Last year, the American Heart Association and American College of Cardiology released new guidelines for the treatment of an increase in the risk of heart disease with statin lowering drugs like Lipitor. The previous guidelines (Adult Treatment Panel Guidelines (ATP III)) were based upon the levels of blood cholesterol.  The new ACA/AHA Guidelines expanded on the input data to include lifestyle issues like smoking and obesity. The old ATP III Guidelines used a point system; the AHA/ACA guidelines were sufficiently complex to the point where they required a spreadsheet.


When the spreadsheet was analyzed, many concluded that even if one had zero increased risk based on ATP III Guidelines, every male over 63 years of age and every female over 71 years of age would receive a recommendation for Lipitor and its ilk.  Many, including Steve Nissen, MD of the Cleveland Clinic, thought this was too aggressive. The authors of the ACA/AHA Guidelines have resisted all calls for revision, expounding doctrine rather than engaging in a scientific debate. Case studies are being published so that practicing physicians can have a “nuts and bolts” comparison of the application of the new and old guidelines and, at least initially, the American Academy of Family Medicine, has not endorsed the ACA/AHA Guidelines.


The real conundrum with any new guideline is that one can only judge its effectiveness after it has been in effect for several years. If followed religiously, the new AHA/ACC Guidelines would place between 12 and 20 million more patients on statins.  Since statins are not risk free, that may not be a good idea. (Even if statins were risk free, are they the “best” intervention; does the opportunity cost of statins inhibit the use of something more effective, like exercise and diet?)


The ATP III Guidelines were based on the original data of the Framingham Study. However, the Framingham study which started in 1954 did not include the effects of exercise.



In 1968, the books; Aerobics by Ken Cooper and The Joy of Running by Jim Fixx were published, and the Exercise Era began.  There were no new medications introduced in 1968 (the first major study on niacin was released in 1979, pravastatin (Pravachol), the first statin, wasn’t released until 1988).  The American diet actually got considerably worse starting in 1968 with increasing distribution of trans-fats throughout the food chain (with labeling and restrictions only starting in the late 1990’s), as well as High Fructose Corn Syrup being introduced in 1975. Guidelines that fail to recognize the contribution of exercise will overestimate the population at risk. (People who exercise have a lower risk and lower need for additional medication.)


However recalcitrant the AHA and ACC might be (and how they may not fund studies that differ from their points of view, we still have Denmark, a beautiful little nation with windmills, dikes, longstanding computerization of medical records of the entire population, and a highly disciplined medical community that insists on entering accurate diagnosis.) The utility of Denmark’s data is limited only by the size of the population and the size of research budgets.


When studies were published in Greece declaring the risk of bleeding ulcers negated the cardiac benefits of aspirin, it was Denmark that had data demonstrating the true baseline risk of GI Bleed was ten times lower than the Greek estimate. This reversed the conclusions about aspirin.

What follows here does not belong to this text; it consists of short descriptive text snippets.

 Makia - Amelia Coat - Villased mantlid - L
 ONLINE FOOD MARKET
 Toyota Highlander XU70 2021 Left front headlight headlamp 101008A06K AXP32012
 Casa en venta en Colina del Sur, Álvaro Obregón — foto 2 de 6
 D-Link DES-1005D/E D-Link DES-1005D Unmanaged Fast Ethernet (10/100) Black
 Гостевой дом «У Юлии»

Similarly, there was a hypothesis about mercury in vaccines causing autism (which still has proponents). However, one must consider that Denmark had eliminated all mercury from its vaccine supplies 20 years earlier, maintained consistent definitions of autism, and had the same rate of autism as their mercury using neighbors.

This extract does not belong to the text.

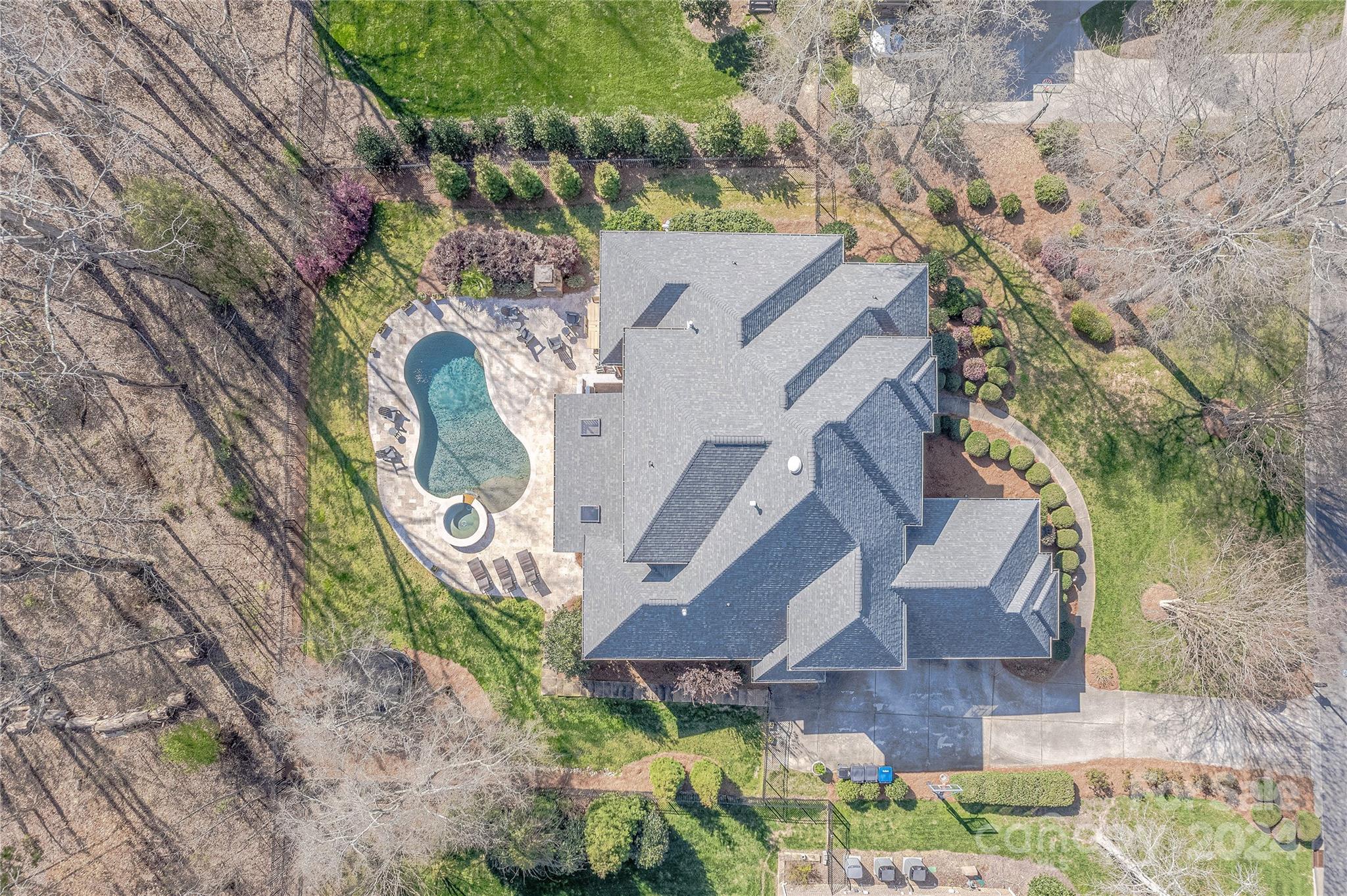 The Gardens On Providence - Residential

In reference to the ACA/AHA Guidelines, Maryam Kavousi, M.D., Ph.D., of Erasmus MC-University Medical Center, identified 4,854 Dutch participants from the Rotterdam Study which started in 1990, and which included all the risk factors used by the new ACA/AHA Guidelines. She found that application of the ACC/AHA guidelines recommended treatment for 96.4 percent of men and 65.8 percent of women.


With the ACC/AHA approach, predicted risk for heart attack and stroke events was 21.5 percent vs 12.7 percent actual events for men, and 11.6 percent predicted events vs 7.9 percent actual events (for women). In other words, in a real population, statin use would have been excessive.


However, to be fair, one must consider the differences between the US population and Denmark. For example, in the US, 30% of the adult population is obese (Body Mass Index over 30) as opposed to only 10% of Danes. In the US, 48% people are aerobically active, in Denmark 60%.  No guideline will produce the identical outcomes in differing populations. However, for a guideline to miss reality by 40% among men and 30% among women is an error much greater than variations between two populations. A Danish researcher commented that the ACA/AHA Guidelines were essentially an age based recommendation for a drug. And this particular drug was observed by the British to have a 10% one year discontinuation rate due to side effects.


So the AHA/ACC should have their moment of reflection and revise their guidelines. Statins are beneficial drugs – they lower the risk of colon cancer. While niacin, diet, and exercise are much more effective cardiovascular preventatives.